Deville v. Allstate Insurance Co.

603 So. 2d 556 | Fla. Dist. Ct. App. | 1992

PER CURIAM.

Anushka Deville appeals from a final summary judgment entered in favor of Allstate, denying uninsured motorist coverage under her father’s automobile insurance policy. For the reasons that follow, we reverse.

The claimant was injured while a passenger in a vehicle driven by her father but owned by her father’s employer. Her injuries were substantial. She received the full liability policy limits from the employer’s insurer pursuant to its policy with Travelers Insurance and then claimed underin-sured motorist benefits from Allstate, her father’s insurer, under a completely separate insurance policy. Allstate denied coverage on the ground that the policy issued to the claimant’s father contained a household exclusion provision that precluded coverage for “bodily injury to any person related to a person insured by blood, marriage or adoption and residing in that person insured’s household.” The claimant sued Allstate, alleging that she was a “class 1” insured, defined in the policy as a relative residing in the named insured’s household. Allstate moved for summary judgment, arguing that the Florida Supreme Court’s decision in Reid v. State Farm Fire & Casualty Co., 352 So.2d 1172 (Fla.1977), controlled. In Reid, the claimant sought to have a vehicle declared both insured and uninsured under the same insurance policy. The court declined to do so, holding that an insured vehicle 'cannot become an uninsured vehicle simply because liability coverage was not available to a particular individual because of a household exclusion provision. Reid, 352 So.2d at 1173. However, the supreme court distinguished the case before it from a case in which the claimant had sought benefits under two separate insurance policies:

We have considered the recent case of Lee v. State Farm Mutual Automobile Ins. Co., 339 So.2d 670 (Fla.2d DCA 1976). That decision may be distinguished factually from the present case .because the “uninsured motor vehicle” which caused the injury in Lee was not the same vehicle as the “insured motor vehicle” named in the policy.

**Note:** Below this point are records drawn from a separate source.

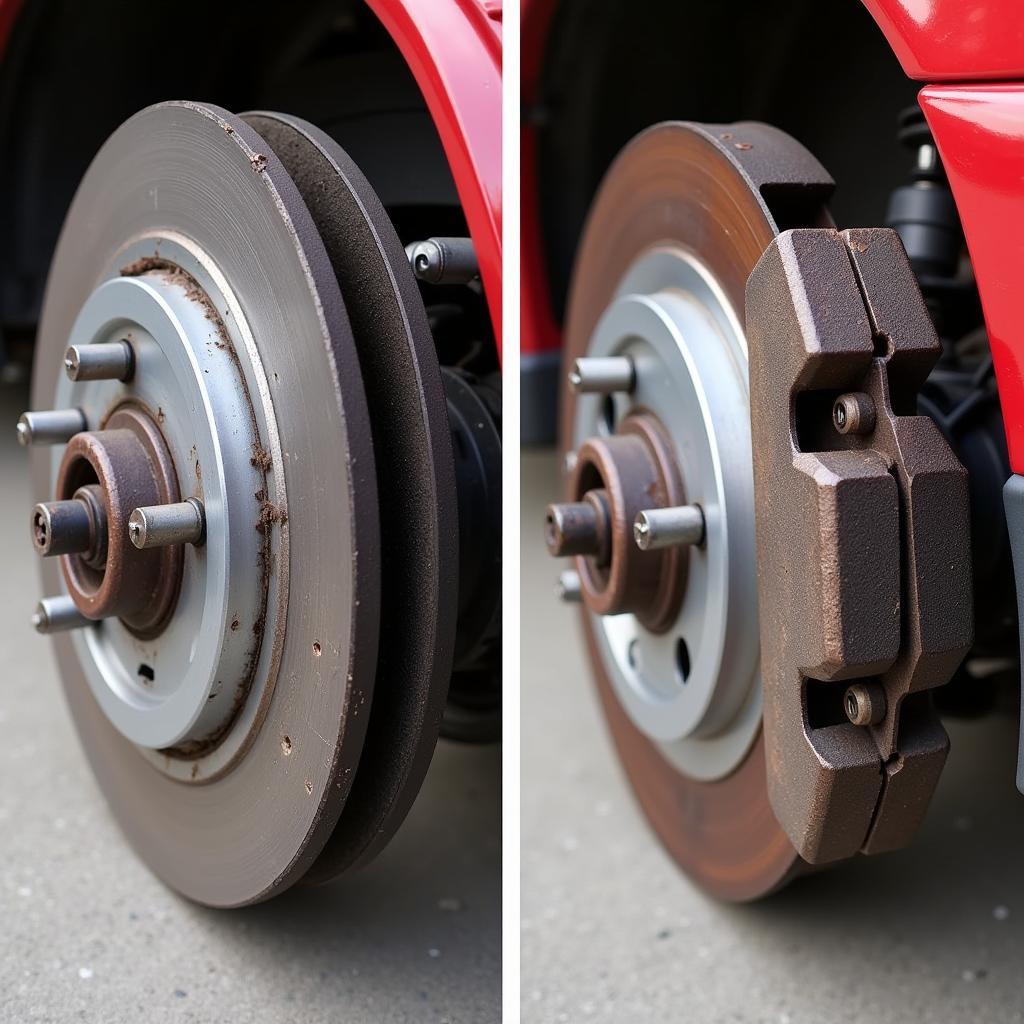 Comparison of Worn and New Brake Pads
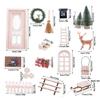 Dollhouses Miniature Christmas Wreath Reindeer Door Set For Holiday Decoration Resin Craft Tabletop Art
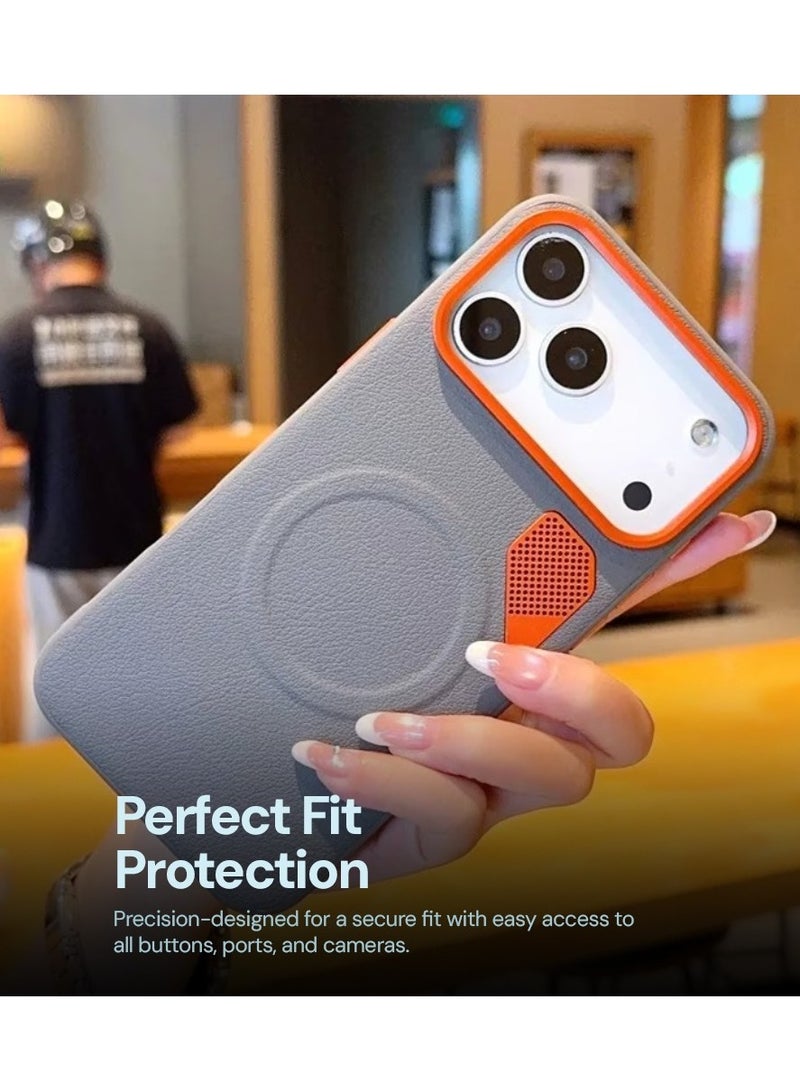 O Ozone Magnetic Matte PU Case Compatible With iPhone 17 Pro Max | Compatible with Mag-Safe|Leather Texture Armor Back Cover with Dual-Tone Matte Finish, Shock-Resistant Slim Protective Case - Image 5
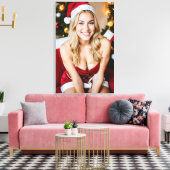 Mooi kerstmeisje op canvas afdruk (Insitu (Woonkamer))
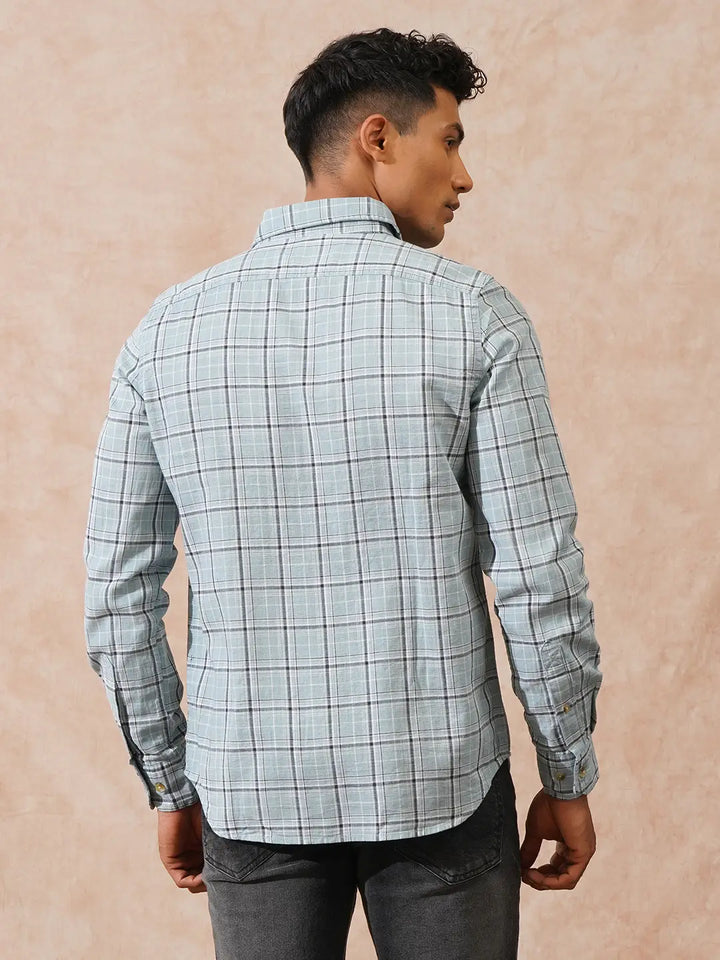 Textured Tonal Check Shirt | Blue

Reid, 352 So.2d at 1174, distinguishing Lee v. State Farm Mut. Automobile Ins. Co., 339 So.2d 670 (Fla.2d DCA 1976), cert. denied, 348 So.2d 954 (Fla.1977). In Lee, the second district held that a household exclusion did not bar recovery of uninsured motorist benefits for a claimant who was injured in a one-car accident while a passenger in a car owned and operated by his brother. The claimant was allowed to recover under the uninsured motorist provision of his father’s policy after his brother’s liability carrier denied coverage under the household exclusion. In a later decision, the second district explained Lee, stating that: “[I]n Lee this court was dealing with two separate policies. There, the teenager’s father had purchased the uninsured motorist protection for himself and his family, and we held the son must be afforded that protection.” Hartford Accident & Indem. Co. v. Fonck, 344 So.2d 595, 596 (Fla.2d DCA 1977), cert. denied, 359 So.2d 1214 (Fla.1978).

The same result obtains here for the same reasons. The car defined as the insured vehicle in the employer’s policy can be deemed uninsured (or, more specifically, underinsured) under the father’s Allstate policy. The owner of the vehicle was not insured under the Allstate policy; the owner’s limits of liability insurance under the Traveler’s policy were less than those in effect under the father’s Allstate uninsured/underinsured motorist policy. Furthermore, the concern expressed by the supreme court in Reid regarding collusive or over-friendly lawsuits simply does not apply in this case. Therefore, the household exclusion does not operate to deny the claimant underinsured motorist coverage.

Reversed and remanded for further proceedings consistent with this opinion.